YOUR OBJECTIVE:
Every line of the listing below is to be repeated exactly; the pictures stay out.

DATA SECTION:
--------
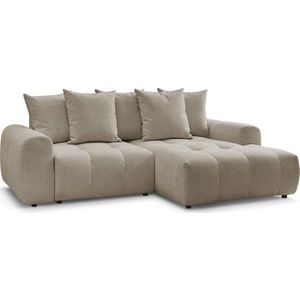 Béžová žinylková rozkládací/s úložným prostorem rohová pohovka (pravý roh/s lenoškou) Roxelane – Bobochic Paris obraz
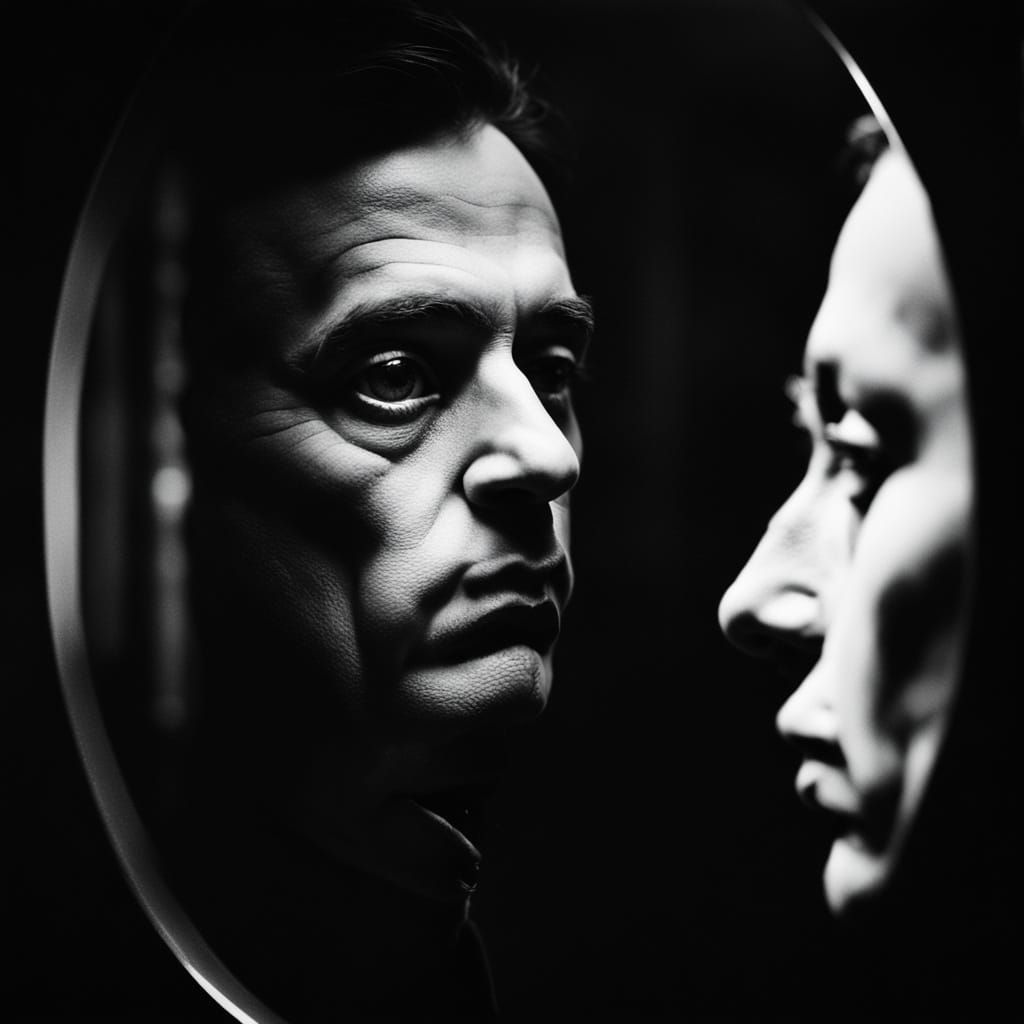 Distorted Profile in Fun House Mirror, Black and White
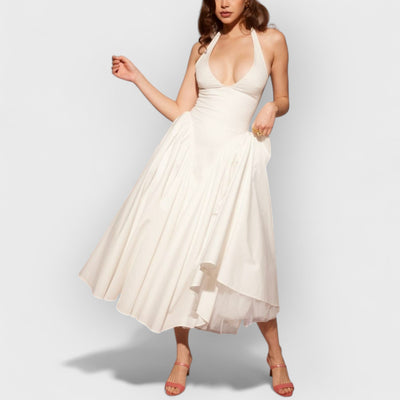 White Cotton Halter Midi Sundress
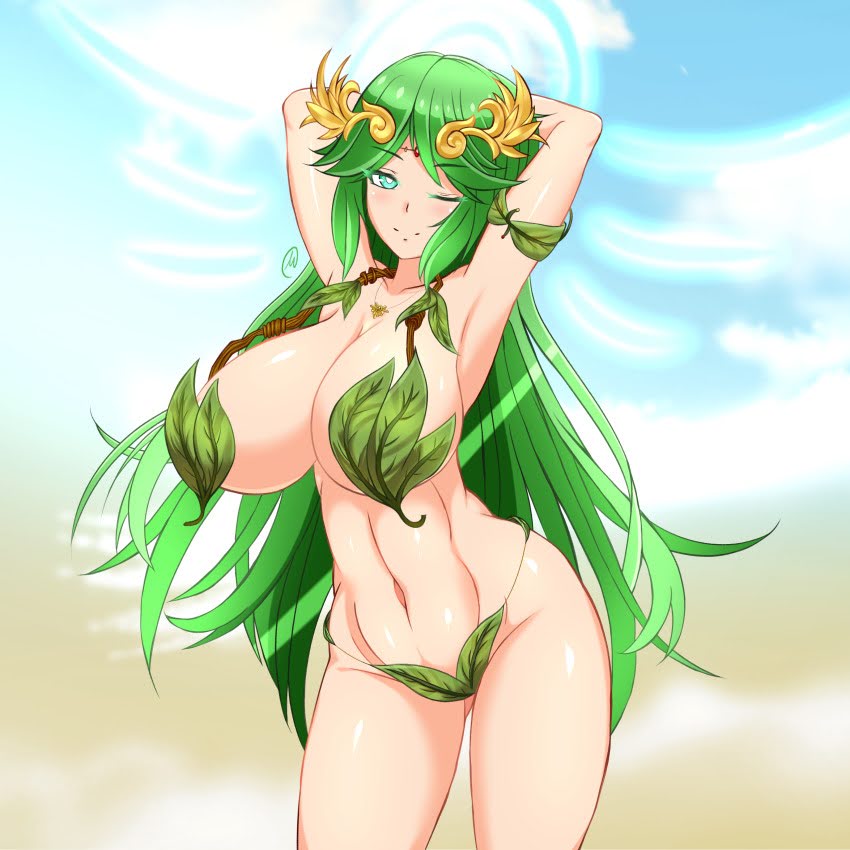 alternate_version_available arms_behind_head bikini green_bikini green_hair kid_icarus lady_palutena leaf_bikini looking_at_viewer mak0h_ nintendo palutena posing smile smiling smiling_at_viewer wink winking winking_at_viewer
--------
SOLUTION:
 Béžová žinylková rozkládací/s úložným prostorem rohová pohovka (pravý roh/s lenoškou) Roxelane – Bobochic Paris obraz
 Distorted Profile in Fun House Mirror, Black and White
 White Cotton Halter Midi Sundress
 alternate_version_available arms_behind_head bikini green_bikini green_hair kid_icarus lady_palutena leaf_bikini looking_at_viewer mak0h_ nintendo palutena posing smile smiling smiling_at_viewer wink winking winking_at_viewer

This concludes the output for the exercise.